Consider, for example, the tortuous road to Abraham Bomba, who worked as a barber, cutting off women's hair before they entered the gas chamber at Auschwitz:
"I had an address in the Bronx -- I don't remember the name. I arrived there, it was a completely rotten part of New York, with buildings falling apart. I went to this place, nobody had ever heard of this man, there was not one Jew left in this area. They were only black people and people of Puerto Rico. It was a very poor area. Well, the trace was lost. I walked the streets for a long time. And I discovered a small shoe-repair shop, and the man was a Jew, and I started to talk with him, he was himself of Polish origin, and he remembered this man. He told me he left 17 years ago, and it was a part of the Bronx, he told me the name, Pelham Parkway. 'Do you know where he lives in Pelham Parkway?' 'No.'
"I went to Pelham Parkway, it's a rather big place, with Jews, full of Jews. And I had no other choice, I started to go from one barbershop to another. Suddenly there was a woman with a helmet, she pushed her head under like a turtle, and she heard the name, and she said, 'I know him. I know where he lives.' And she gave me the address.
"I arrived there, there was nobody, I waited, and I waited. A young girl arrived, 16 years old.
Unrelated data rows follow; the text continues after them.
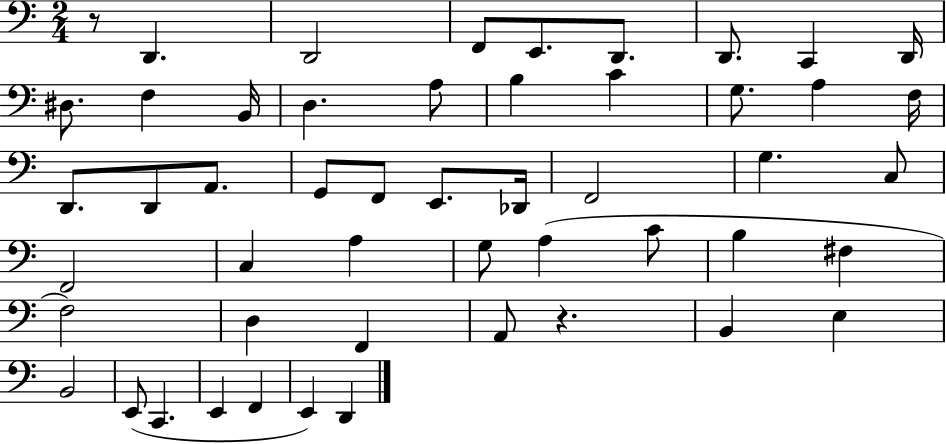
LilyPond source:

{
  \clef bass
  \numericTimeSignature
  \time 2/4
  \key c \major
  r8 d,4. | d,2 | f,8 e,8. d,8. | d,8. c,4 d,16 | \break dis8. f4 b,16 | d4. a8 | b4 c'4 | g8. a4 f16 | \break d,8. d,8 a,8. | g,8 f,8 e,8. des,16 | f,2 | g4. c8 | \break f,2 | c4 a4 | g8 a4( c'8 | b4 fis4 | \break f2) | d4 f,4 | a,8 r4. | b,4 e4 | \break b,2 | e,8( c,4. | e,4 f,4 | e,4) d,4 | \break \bar "|."
}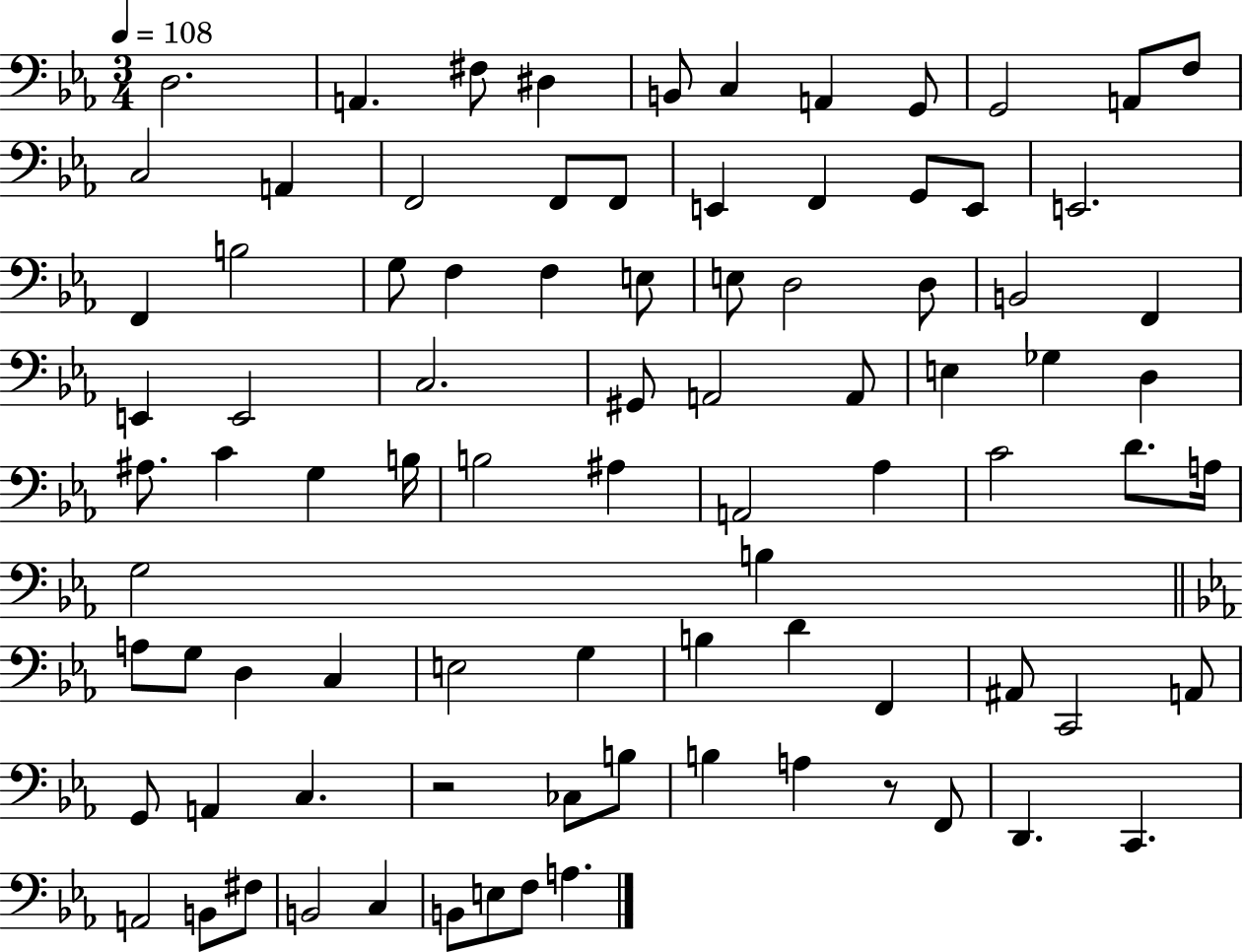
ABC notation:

X:1
T:Untitled
M:3/4
L:1/4
K:Eb
D,2 A,, ^F,/2 ^D, B,,/2 C, A,, G,,/2 G,,2 A,,/2 F,/2 C,2 A,, F,,2 F,,/2 F,,/2 E,, F,, G,,/2 E,,/2 E,,2 F,, B,2 G,/2 F, F, E,/2 E,/2 D,2 D,/2 B,,2 F,, E,, E,,2 C,2 ^G,,/2 A,,2 A,,/2 E, _G, D, ^A,/2 C G, B,/4 B,2 ^A, A,,2 _A, C2 D/2 A,/4 G,2 B, A,/2 G,/2 D, C, E,2 G, B, D F,, ^A,,/2 C,,2 A,,/2 G,,/2 A,, C, z2 _C,/2 B,/2 B, A, z/2 F,,/2 D,, C,, A,,2 B,,/2 ^F,/2 B,,2 C, B,,/2 E,/2 F,/2 A,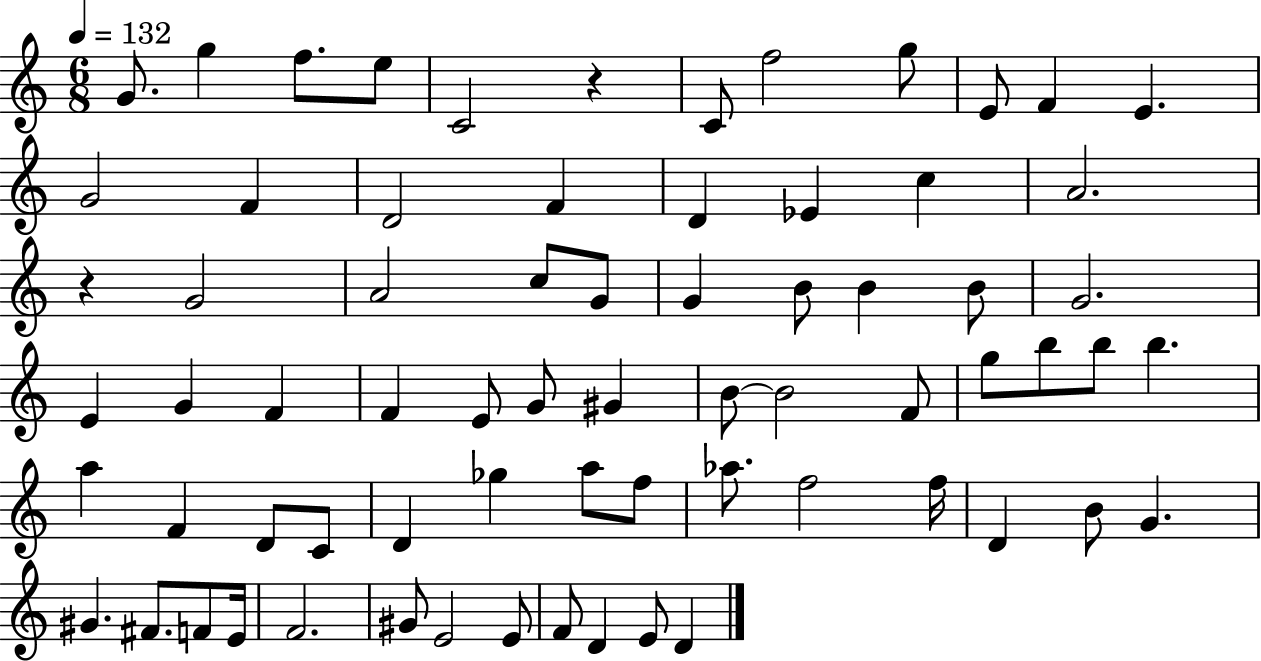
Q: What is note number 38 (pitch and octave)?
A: F4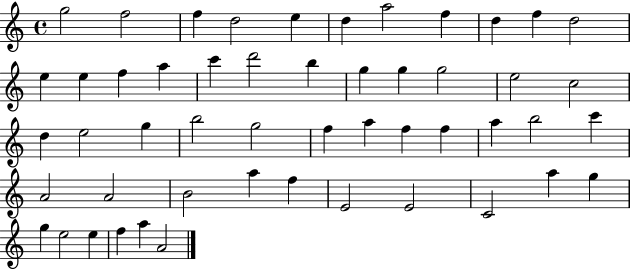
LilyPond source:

{
  \clef treble
  \time 4/4
  \defaultTimeSignature
  \key c \major
  g''2 f''2 | f''4 d''2 e''4 | d''4 a''2 f''4 | d''4 f''4 d''2 | \break e''4 e''4 f''4 a''4 | c'''4 d'''2 b''4 | g''4 g''4 g''2 | e''2 c''2 | \break d''4 e''2 g''4 | b''2 g''2 | f''4 a''4 f''4 f''4 | a''4 b''2 c'''4 | \break a'2 a'2 | b'2 a''4 f''4 | e'2 e'2 | c'2 a''4 g''4 | \break g''4 e''2 e''4 | f''4 a''4 a'2 | \bar "|."
}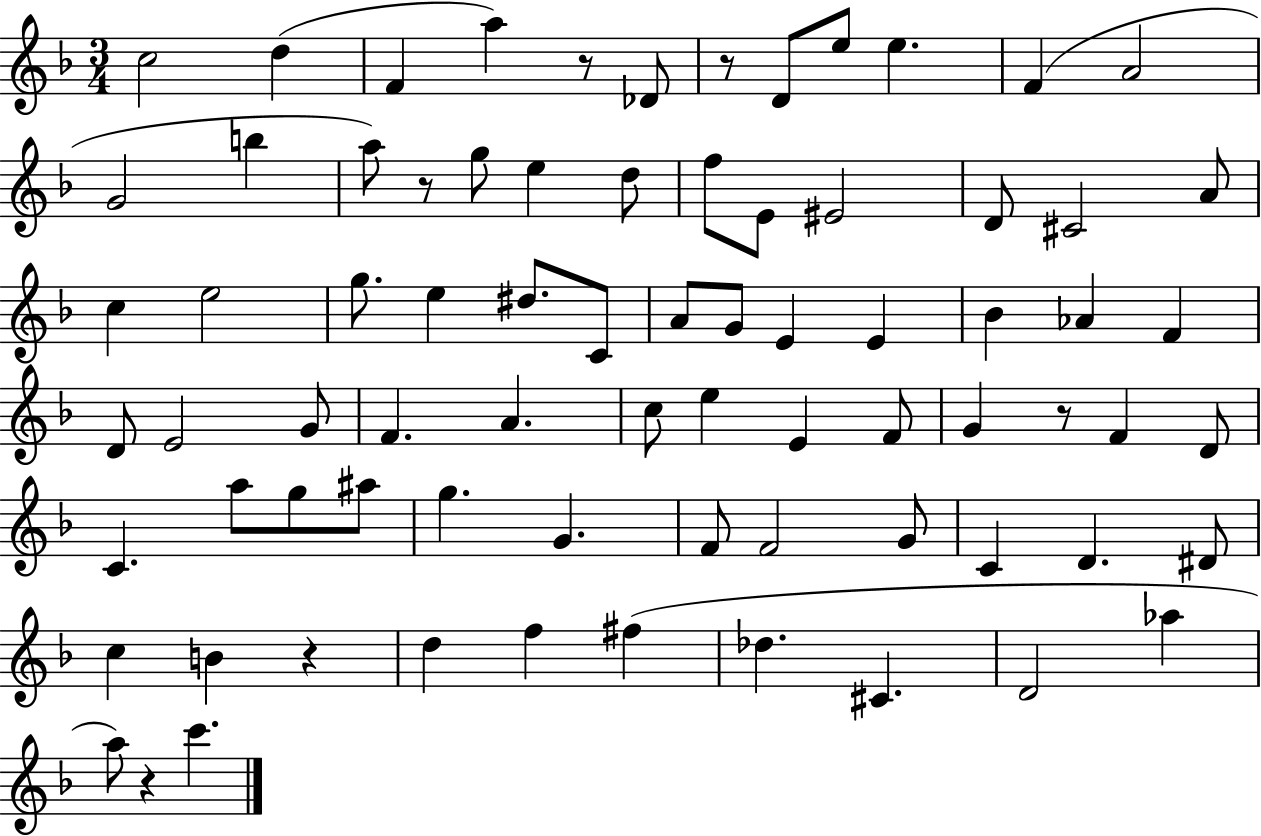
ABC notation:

X:1
T:Untitled
M:3/4
L:1/4
K:F
c2 d F a z/2 _D/2 z/2 D/2 e/2 e F A2 G2 b a/2 z/2 g/2 e d/2 f/2 E/2 ^E2 D/2 ^C2 A/2 c e2 g/2 e ^d/2 C/2 A/2 G/2 E E _B _A F D/2 E2 G/2 F A c/2 e E F/2 G z/2 F D/2 C a/2 g/2 ^a/2 g G F/2 F2 G/2 C D ^D/2 c B z d f ^f _d ^C D2 _a a/2 z c'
She opened the door and I said I wanted to talk to the father, I was making a film. She said, 'I am the daughter. Why do you want to see him? I want to be in the cinema, I want to be an actress.' I said, 'Wait, wait, it's not exactly the same kind.' She said, 'He will arrive.' "
The barber and Lanzmann ended up spending a Sunday together at Bomba's bungalow in the Catskills. But when Lanzmann returned to the Bronx two years later to begin filming, Bomba had disappeared again.
"I arrived at Pelham Parkway at the same place, another man said, 'He doesn't live here anymore.' 'Where does he live?' 'Well, he went to live in Israel.' 'Do you have the address?' 'No.' Okay. This delayed the shooting for one year."
It was an incredible effort for one scene in a 9 1/2-hour movie, but the result is one of the most extraordinary sequences in the history of documentary film, and it has "Shoah's" characteristic movement: starting with a concrete, routine occurrence (Bomba cutting a customer's hair), then slowly infusing it with its original horror.
"The scene is very interesting how it works," Lanzmann says. "During the first 10 minutes he has a neutral voice, objective, which is a way to escape, to evade. He's dead, the scene is dead. What he says is true, but it has not the seal of truth. I push him, with the strange questions I ask him. 'Were there mirrors in the gas chamber?' I knew of course there were no mirrors in the gas chamber. It's a silly question. He said, 'No, there were no mirrors,' and so on.
"I ask him to imitate. He does imitate, he cuts the hair of the customer. When he makes the gestures, he is once again in the situation, and the distance between the past and the present vanishes, because in order to talk these people must pay the highest price, which is to relive the scene. It is precisely through the gesture, through the real action -- he doesn't say different things in the second part of the scene, he says the same things differently . . . Suddenly he breaks down, but this is the seal of truth, and the film is made out of this.
"For me there is more in this confirmation in a detail than any abstract form you could have. That is why people make me laugh when they say, 'We know.' What do they know? They know a pure abstraction, that's all. The film is not this. The film is a resurrection. It's an incarnation.
"The film is an allegory of the suffering," Lanzmann says. "The message is for me -- and I felt this in my bones, my blood, when I was shooting the film -- one had to go through a kind of personal suffering, although very small in comparison with what they went through. One has to die again with them in order that they didn't die alone."